А сколько вокруг зэков невиновных! Ты с пакетом писем сидишь, а у него ни письма, ни передачи. Заболел и умер в тюремной больнице. Один.
А диссиденты в СССР? Марченко умер от голодовки в 1986 году, и через пару лет чёртов Советский Союз развалился.
Так что даже худший из возможных сценариев совсем не такой и худший, если хорошенько подумать. Надо брать. Смиряюсь и принимаю.
Очень мне с этим помогла Юля. Я не хотел, чтоб и её мучило вот это: «А вдруг через месяц отпустят», и — главное — чтоб она понимала, что я тут совсем не страдаю, изнывая от тюремных тягот. Поэтому на первом длительном свидании, гуляя по коридору и переговариваясь в месте, максимально удалённом от натыканных везде камер с микрофонами, шепчу ей на ухо:
— Слушай, я не хочу звучать драматично, но, я думаю, есть большая вероятность, что я отсюда никогда не выйду. Даже если всё рушиться начнёт, они меня просто грохнут при первых признаках краха режима. Отравят.
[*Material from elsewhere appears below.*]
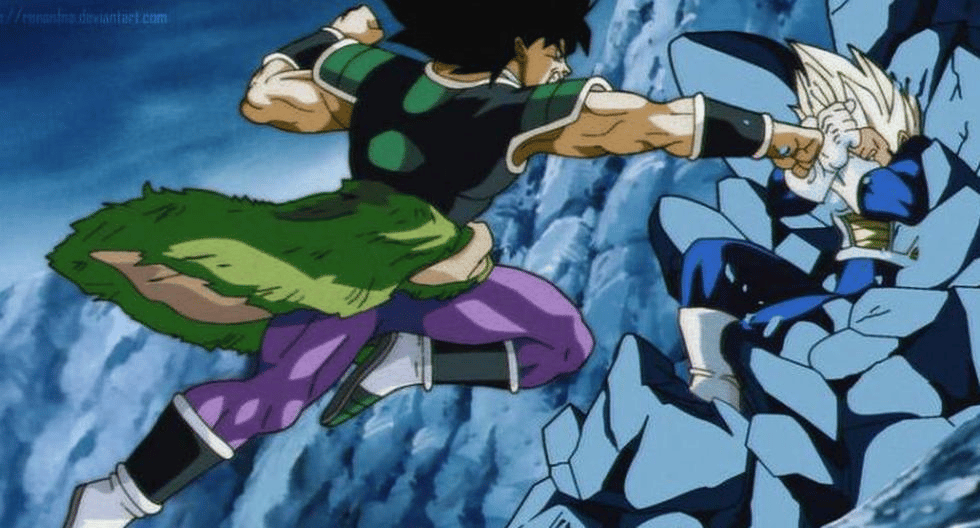 Broly is so strong in Dragon Ball !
— Я понимаю, — кивает она. Голос её звучит твердо и спокойно. — Я сама об этом думала.
Мне сразу хочется её схватить и сжать изо всех сил от радости — так здорово всё-таки! Никаких дурацких слёз. Именно в такие моменты понимаешь, что нашёл правильного человека. Ну, или она нашла тебя.
— Поэтому давай просто для себя решим, что так, скорее всего, и будет. Типа, примем базовый сценарий и станем строить жизнь, исходя из этого, ну а если уж будет лучше, то отлично. Но мы на это не рассчитываем и не надеемся зря.
— Ага, так и сделаем.
Голос её, как обычно, звучит как у какого-то мультяшного персонажа, но она совершенно серьёзна. Смотрит на меня снизу и хлопает своими глазами с огромными ресницами.
Тут уж я не выдерживаю и хватаю её в охапку, сжимая от восторга: ну где ещё найти человека, который такие важные и сложные вещи обсудит с тобой без драм и заламывания рук? Она сама всё отлично понимает и, как и я, надеется на лучшее, но готовится к худшему.